Perdana Menteri berkata lirih, "Terima kasih. Uskup.
Sekian saja dulu." Perdana Menteri Martinez dan kolonel Acoca melihat
uskup itu berjalan pergi.
"Bagaimana pendapatmu?" Martinez bertanya.
"Ia mengetahui apa yang sedang terjadi."
Perdana menteri itu menghela nafas. Sudah cukup
banyak masalah yang kuhadapi tanpa mesti mencari ribut dengan Gereja.
"Jika Gereja itu memihak orang-orang Basque, maka berarti Gereja melawan kita." Wajah dan suara kolonel Acoca mengeras. "Aku meminta izin dari Yang Mulia untuk memberi pelajaran pada uskup itu. "

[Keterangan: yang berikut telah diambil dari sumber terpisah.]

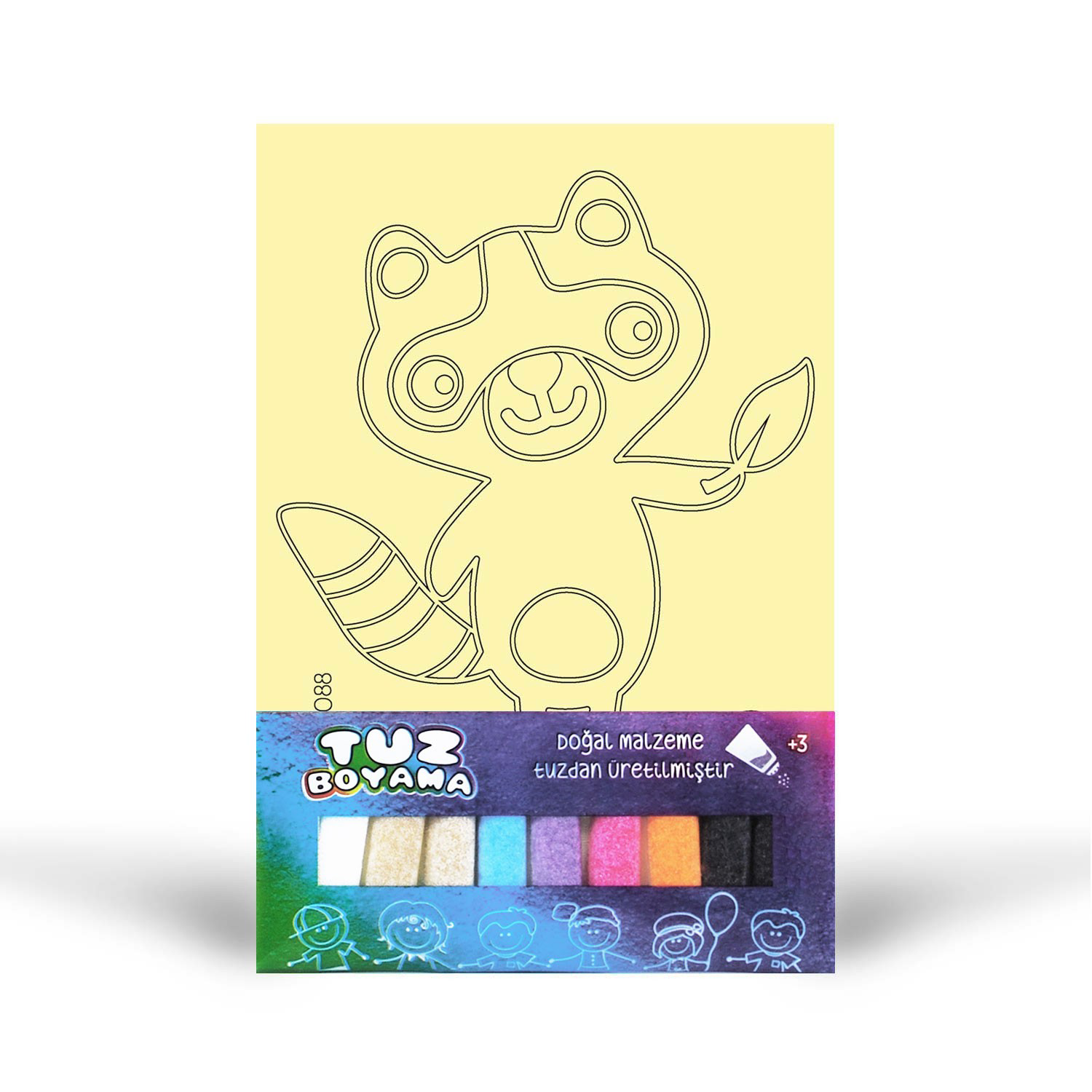 Artikel Rakun-4 Tuz Boyama Oyunu, Eğitici Aktivite, Kum Boyama Oyunu Artikel Rakun-4 Tuz Boyama Oyunu, Eğitici Aktivite, Kum Boyama Oyunu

Perdana Menteri itu terkejut dengan sorot fanatisme
dalam mata kolonel itu. Ia secara naluriah menjadi
waspada. "Benarkah kau telah menerima laporan-Iaporan bahwa Gereja telah membantu kaum pemberontak itu?"
"Tentu saja, Yang Mulia."
Tidak ada cara untuk memastikan apakah orang itu
mengatakan yang sebenarnya. Perdana menteri Martinez
mengetahui betapa kolonel Acoca membenci Gereja. Tetapi, mungkin ada baiknya jika Gereja sekali-sekali merasakan lecutan, asal saja kolonel Acoca tidak bertindak terlampau jauh. Sejenak lamanya perdana menteri itu menimbang-nimbang masalah itu.
Adalah Acoca yang memecah keheningan itu. "Jika
gereja-gereja itu memberi tempat berlindung pada kaum teroris, maka gereja-gereja itu harus dihukum."

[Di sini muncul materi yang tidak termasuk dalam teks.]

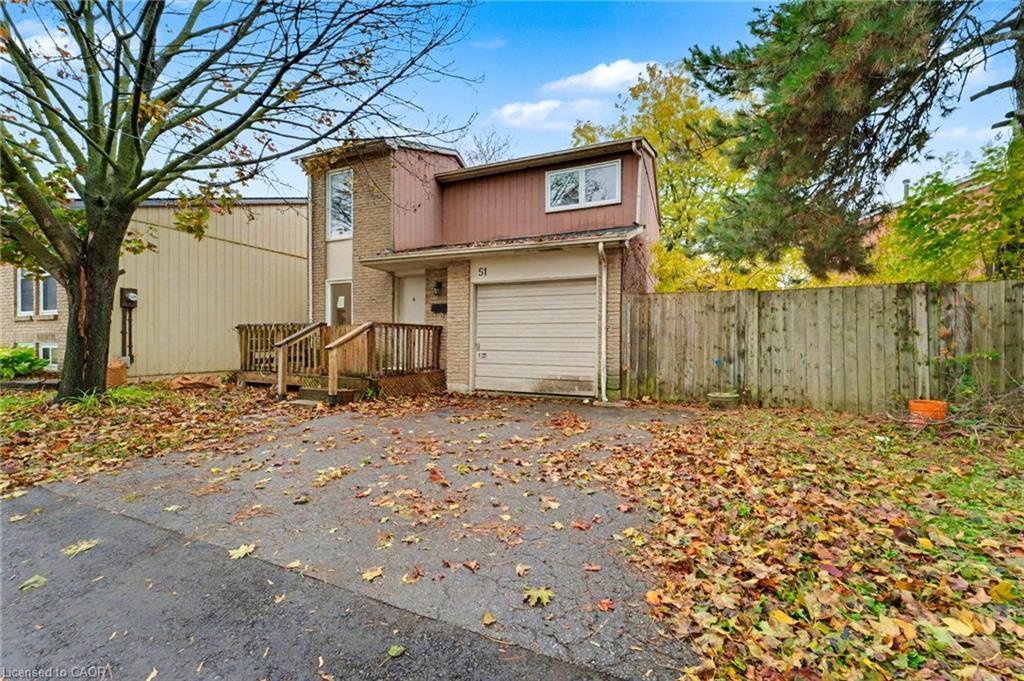 51 Lucas Lane, Ajax, ON - Outdoor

Dengan penuh keengganan perdana menteri Martinez
mengangguk. "Di manakah kau akan memulai?"
"Jaime Miro dan orang-orangnya kemarin telah dilihat di Avila. Tidak mustahil mereka bersembunyi di biara di
sana." Perdana Menteri mengambil suatu keputusan. "Geledahlah tempat itu." Ia berkata.

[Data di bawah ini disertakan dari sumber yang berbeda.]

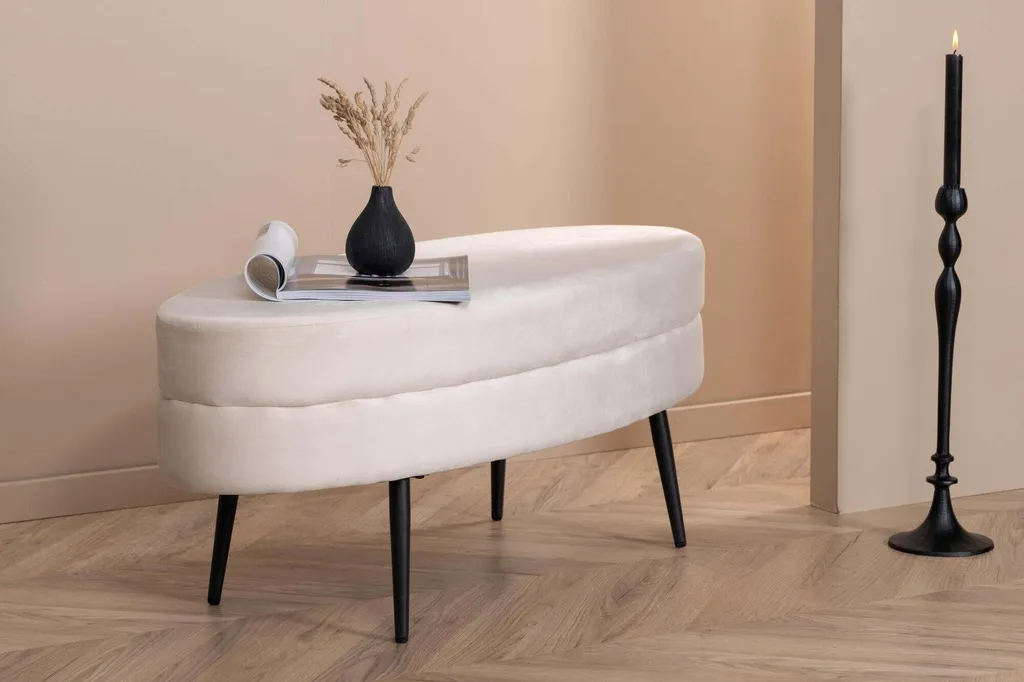 Ottoman compact 100cm pour optimiser l'espace et le confort - 5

Keputusan itulah yang menyulut serentetan peristiwa
yang menggoncangkan seluruh Spanyol dan mengejutkan
dunia. -odwo- BAB TIGA Avila Keheningan itu bagaikan turunnya salju yang lembut,
menenangkan seperti bisikan angin musim panas, dan diam seperti melesatnya bintang-bintang. Biara Cistercian
terletak di luar tembok kota Avila, kota tertinggi di Spanyol, 112 kilometer di barat-daya Madrid. Biara itu dibangun untuk keheningan. Peraturan-peraturannya telah disahkan pada tahun 1601 dan tetap tidak berubah selama berabad-abad: liturginya, kepatuhan spiritual, ketertutupan ketat, tobat dan penebusan dosa, dan keheningan. Senantiasa, keheningan itu. Biara Cistercian di Avila itu adalah satu di antara tujuh buah yang masih terdapat di Spanyol, yang masih
bertahan dari jumlah ratusan yang telah dihancurkan selama Perang Saudara dalam suatu gerakan anti-Gereja yang terjadi di Spanyol secara periodik
sepanjang berabad-abad. Selama empat ratus tahun tiada sesuatu perubahan yang terjadi di sebelah dalam tembok-tembok biara itu, kecuali wajah-wajah penghuninya. Para wanita yang hidup
bersama Tuhan itu tinggal bersama, bekerja bersama,
makan bersama dan berdoa bersama, namun mereka tidak
pernah saling sentuh dan berbicara satu sama lainnya.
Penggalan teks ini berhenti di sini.